Spring Budget 2021 series – short on immediate action?

Spring Budget 2021 series – short on immediate action?

 

Predictions for business tax proposals in this year's Spring Budget

 

The Chancellor has a particularly difficult job this year. With record levels of government borrowing, announcing immediate tax rises in the Budget could help to fill the Treasury's coffers, yet the economy is still fragile and in need of economic stimulus. The fact that we are not yet 'out of the woods' as regards fighting the pandemic may mean that it is too early for tax rises, but there are calls for those sectors which have flourished in the pandemic to contribute more.

 

Corporation tax

 

As the UK has one of the lowest rates of corporation tax at 19%, well below the average for G20 countries, a rate increase could be a way for the Chancellor to raise funds. As the tax will only be paid by companies which are making profits, it could be argued that it would not have a significant effect on those companies which are struggling as a result of the pandemic. Some reports have suggested an increase to as much as 24%, but such a large increase in one go is unlikely. If there is to be an increase, one or two percentage points to 20% or 21% is more likely and would be easy to bring into force from 1 April 2021.

Although probably not exciting enough to be mentioned in the Budget speech, we may hear more, possibly in a consultation document soon after the Budget, about the plans to require large businesses to notify HMRC of uncertain tax positions from April 2022. This new regime was originally due to come into force this year, but was delayed a year following adverse feedback on when notifications would be required. The original proposal was too subjective and relied upon an assessment by the taxpayer of whether HMRC would be likely to disagree with the position taken. It is to be hoped that in rethinking the test HMRC will come up with something that is more workable and where the benefits to HMRC of the disclosures outweigh the additional administrative burden for businesses.  

 

Business rates and an online sales tax

 

With the pandemic having made us more reliant on online shopping and high street shops struggling to survive as a result of being unable to open for long periods, reforming business rates is even more topical than previously. The government has already pledged to undertake a fundamental review of the system. This could also extend to property taxes more widely and include stamp duty land tax and council tax.

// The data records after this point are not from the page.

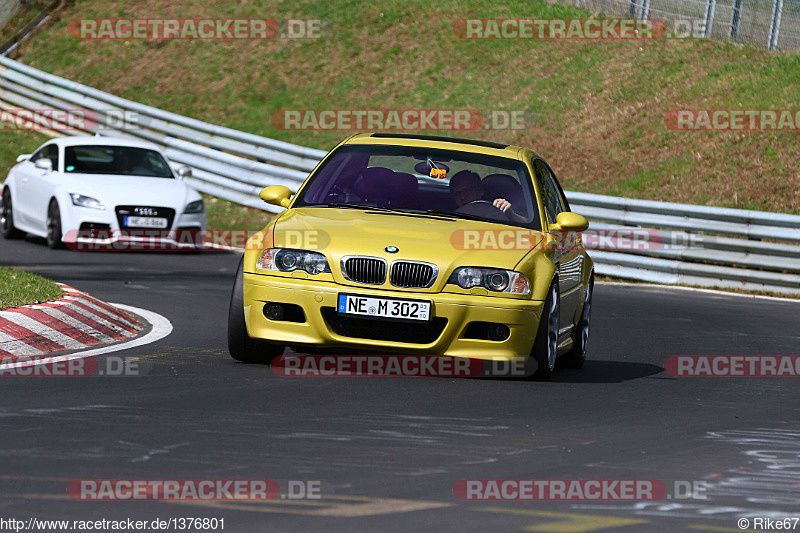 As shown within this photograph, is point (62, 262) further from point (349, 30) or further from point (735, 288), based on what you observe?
point (349, 30)

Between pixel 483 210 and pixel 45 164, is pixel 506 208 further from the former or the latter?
pixel 45 164

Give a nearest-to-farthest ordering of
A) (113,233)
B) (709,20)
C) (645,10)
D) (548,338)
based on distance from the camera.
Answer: (548,338)
(113,233)
(709,20)
(645,10)

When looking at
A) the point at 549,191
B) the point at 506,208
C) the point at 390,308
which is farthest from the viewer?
the point at 549,191

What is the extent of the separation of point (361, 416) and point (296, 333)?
4.99ft

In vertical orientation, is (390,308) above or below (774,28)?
below

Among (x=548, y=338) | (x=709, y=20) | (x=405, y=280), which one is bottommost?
(x=548, y=338)

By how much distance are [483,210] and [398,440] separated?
127 inches

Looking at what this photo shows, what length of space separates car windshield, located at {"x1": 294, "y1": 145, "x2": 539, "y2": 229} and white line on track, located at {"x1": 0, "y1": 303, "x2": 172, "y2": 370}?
1522mm

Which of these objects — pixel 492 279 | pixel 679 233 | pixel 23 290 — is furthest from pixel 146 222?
pixel 492 279

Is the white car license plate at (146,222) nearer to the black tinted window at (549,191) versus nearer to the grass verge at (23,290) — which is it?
the grass verge at (23,290)

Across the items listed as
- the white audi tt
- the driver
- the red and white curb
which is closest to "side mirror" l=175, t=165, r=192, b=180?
the white audi tt

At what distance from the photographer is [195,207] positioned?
18438 mm

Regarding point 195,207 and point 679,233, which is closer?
point 195,207

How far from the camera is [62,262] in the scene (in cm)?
1602
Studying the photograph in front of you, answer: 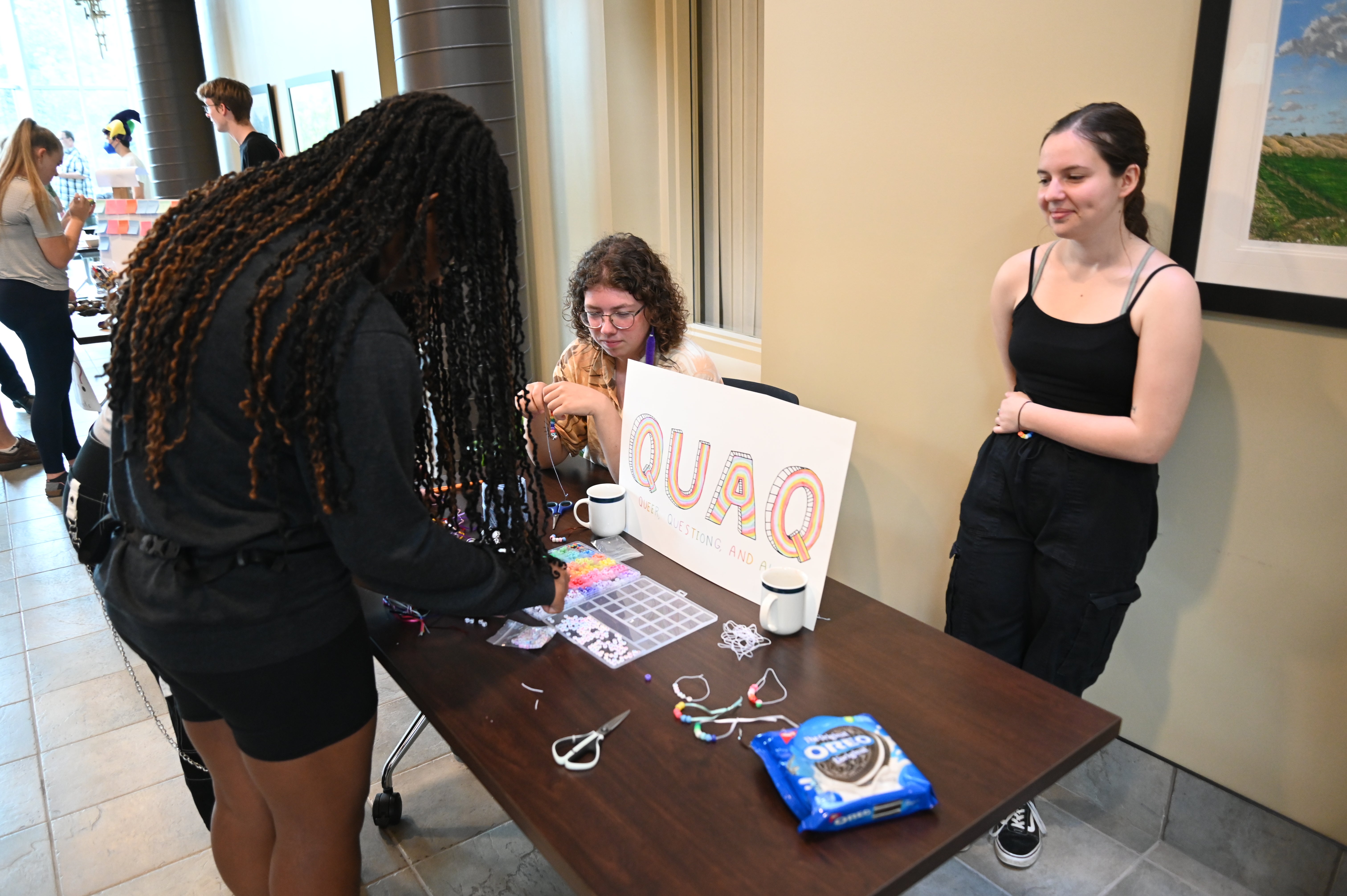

Some suggest that an online sales tax could be a way to redress the balance between traditional 'bricks and mortar' businesses and the digital economy. However, as radical a change as this would require proper consultation, not least to ensure it did not have unintended consequences such as by further endangering traditional businesses attempting to salvage some sales through an online offering. It is unlikely therefore that concrete proposals will be announced in the Budget.

A tax targeting some very large digital businesses — the UK's digital services tax (DST) — is already in force and the government will be beginning to collect some revenues from it this year. The Chancellor could bring more businesses within the scope of DST by reducing the thresholds or expanding the tax to cover a wider range of services. This could also address US concerns that the tax is unfairly targeted at the US owned tech giants. However, this Budget may not be the right time to announce significant changes to DST. The OECD is hoping to reach international agreement by the middle of this year on its proposals for reforming the international tax system to deal with the challenges of the digital economy and DST is only meant to be a temporary tax until international agreement is reached.

 

Environmental taxes

 

Some press reports have suggested that the government is considering a broader based carbon tax than the emissions trading scheme (ETS) that it brought into force at the end of the Brexit transition period, largely replicating the EU scheme. The government consulted on a 'carbon emissions tax' in  Summer 2020, but went with the ETS in the immediate aftermath of Brexit —presumably on the basis that this meant less change for businesses.

The government is under considerable pressure to reduce emissions. The UK has legislated to reduce its net emissions by 100% back to 1990 levels, referred to as 'net zero', by 2050 and in December 2020 the Prime Minister announced an intention to have achieved a 68% reduction by 2030. The COP26 UN climate change conference taking place in Glasgow in November puts added pressure on the UK to be seen to be leading the way in this area. Although it is unlikely that definite proposals will be announced at this stage, we may see a further consultation.

 

VAT

 

With the UK no longer bound by EU VAT rules, the UK could make structural changes to the VAT system, but this is unlikely at this stage. Rate increases are also unlikely given the need to encourage consumer spending once coronavirus (COVID–19) restrictions ease. We may, however, see an extension of the coronavirus support measures for hospitality. VAT reductions could also be used to support other sectors adversely impacted by the pandemic.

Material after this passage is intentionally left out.